Burning Man and Art in the Desert. The Authors Collection.
August 7, 2014
IN THE SAN FRANCISCO BAY AREA, Burning Man is a big deal.
This is the self described “annual art event and temporary community based on radical self expression and self-reliance in the Black Rock Desert.” It’s coming up in a couple of weeks.
I have friends who spend the entire year working on gigantic metal sculptures in warehouses that they then cart out to the Burning Man site in Nevada. They go a couple of days before the event actually starts for the final assembly and installation.
Some other folks I know devote themselves to hobbies like fire twirling that seem mainly devoted to showing off their skills at Burning Man and which will be their contribution over the week of the event.
Everyone is expected to contribute somehow. You can join in a group art project. You can serve coffee in the morning. I know one girl whose contribution at a recent Burning Man was serving as a naked sushi table.
Depending upon your tastes and where you are in life, I gather the experience can be like a larger than life art show grafted onto a seven-day party laced with plentiful supplies of drugs, alcohol, sex, costumes and spectacular weirdness.
I’m finally going to Burning Man after hearing about it for twenty years and seeing people leave for the week and return, usually sunburned and both exhausted and exhilarated. I’m slowly getting sucked into the preparation for this event although a couple of friends are doing the heavy planning.
With the event only a couple of weeks away, the local Craigslist site is filled with Burning Man supplies.
Of course, there are tickets (starting at $380) and RV rentals. Then there are the bikes – usually less than $80, in questionable condition but with a decent chance of lasting the week. They are cheap enough that you won’t mind much if they get lost or left behind.
Costumes are a big deal. I see a furry kitty skirt, handmade gold and turquoise jumpers, a zebra dress and a grizzly bear coat. Furriness, sexy lamé shorts and anything that ever appeared in a Mad Max movie seem to be pretty popular.
One of the organizers of my group sent out an email asking how many strands of LED lights we wanted and what colors. They plug into a small battery pack so you can wander the desert at night with plenty of glow.
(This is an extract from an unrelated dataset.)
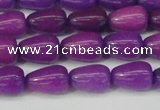 CCN3754 15.5 inches 8*12mm teardrop candy jade beads wholesale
There is one day where everyone wears white so that has to be factored into the costume hunt. There is Mexican night and Asian night. Multiply 20,000 people times a half dozen Margaritas and glasses of sake each and you start to have an idea of the amounts of alcohol that will be arriving.
Theme camps are the heart of the Burning Man community and spirit. There are hundreds devoted to such themes as cats, bacon, gin, absinthe, pickles, Russian sauna, roller disco, bok choy, henna, sake, lemons, spanking, sugar, dance poles and martinis. And that’s omitting the ones devoted to some flavor of sexual experience.
I’ve been warned that the one way to feel left out of the Burning Man scene is if you don’t commit to a fairly serious costuming effort. Of course, you can always go the ‘no clothes’ route which is widely respected and, depending upon your physique, appreciated. I joked that I was just going to take a scissors and go through my closet. I also offered to go on a head gear hunt. I thought maybe an old hockey mask or an ancient football helmet like the one Jack Nicholson wore in Easy Rider might have a place.
I don’t know. The grizzly coat is looking better and better.